Pool Stroke Correction Drills: 40-Minute Technique Session

Session Overview

Technique is the biggest performance lever available to most age-group swimmers. This 40-minute drill-focused pool session isolates the key elements of an efficient freestyle stroke: body position, the catch, pull-through and rotation. Work through these drills slowly and deliberately — rushing through technique work defeats the purpose entirely.

  • Duration: 40 minutes
  • Distance: approx. 1,400–1,600m
  • Effort: Easy — technique focus, not fitness
  • Level: Beginner to intermediate

Warm-Up (8 min — 300m)

  • 200m easy freestyle at your own pace
  • 100m backstroke or easy kick on a kickboard

Drill Set (24 min — approx. 900m)

  • 4×50m Catch-Up Drill — Keep one arm extended in front while the other completes a full stroke.
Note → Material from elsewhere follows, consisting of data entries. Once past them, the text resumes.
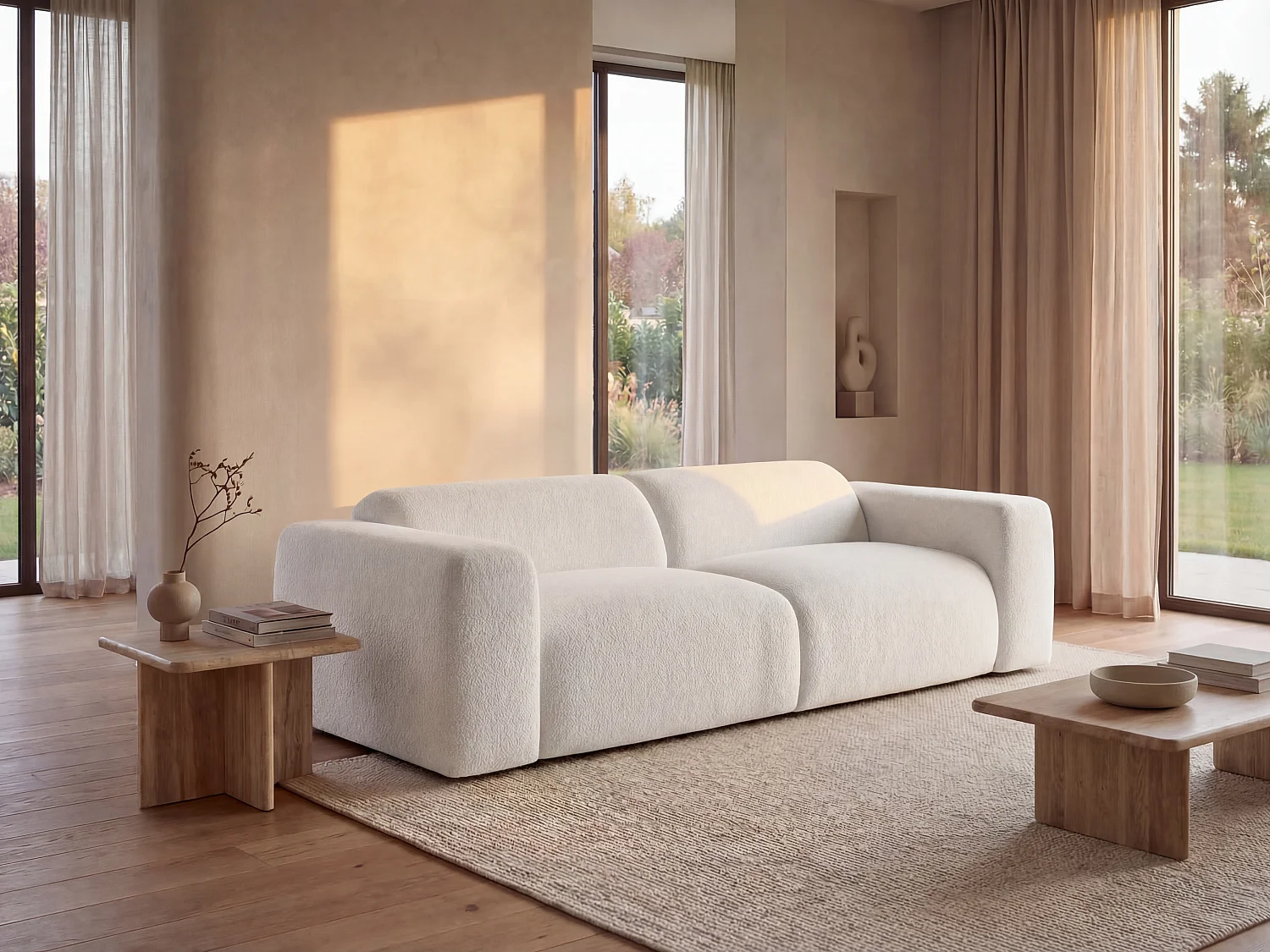 Driezitsbank van witte boucléstof met design-stijl POGNI van Maison Céphy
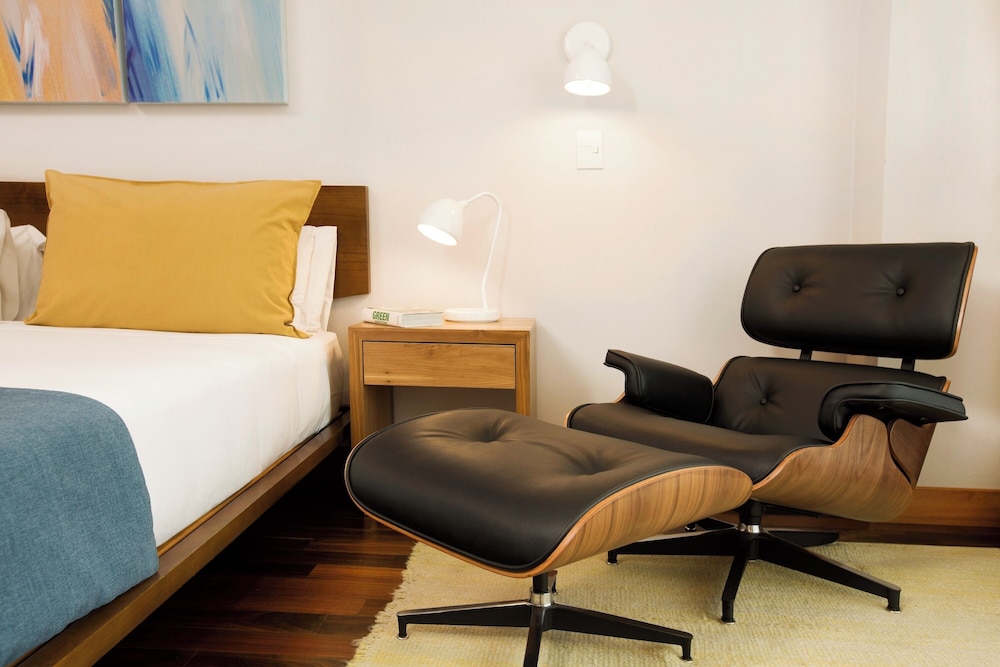 Palo Santo Hotel 65/74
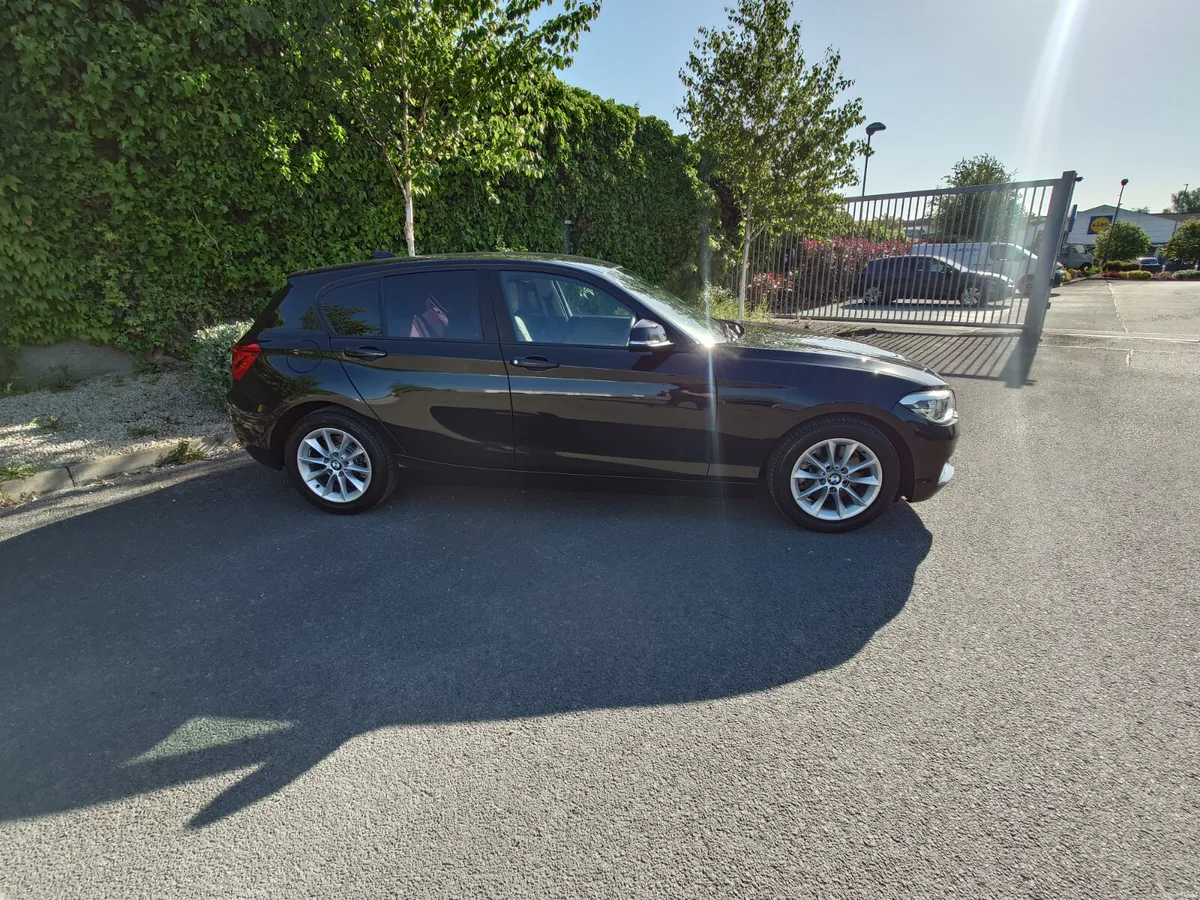 BMW 118i Style - Image 4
Builds balance and a long front end. 20 sec rest.
  • 4×50m Fingertip Drag — On the recovery phase, drag your fingertips along the surface of the water. Promotes a high elbow on recovery and relaxed arms. 20 sec rest.
  • 4×50m Fist Swimming — Swim with closed fists to force your forearm to feel the water and develop better early vertical forearm. 20 sec rest.
  • 4×50m Normal Freestyle — Apply everything from the drills. Think long strokes, relaxed recovery, good rotation. 20 sec rest.

Cool-Down (8 min — 300m)

  • 300m easy choice of stroke — no pressure, just feel the water and let your body unwind.

Coach’s Notes

Do not try to swim fast during the drills — exaggerate the movements and think about what each drill is teaching you. After each drill block, the four normal freestyle 50s are your chance to feel whether the drill has changed anything. If nothing feels different, slow down and exaggerate the drill movement more on the next round. Consider recording a short video with your phone propped on the pool deck to review your technique and identify where the biggest gains are hiding.

Training at your own risk. The information provided is for general guidance only and is not a substitute for professional medical advice. Please consult a doctor before starting any new exercise programme, especially if you have any pre-existing health conditions.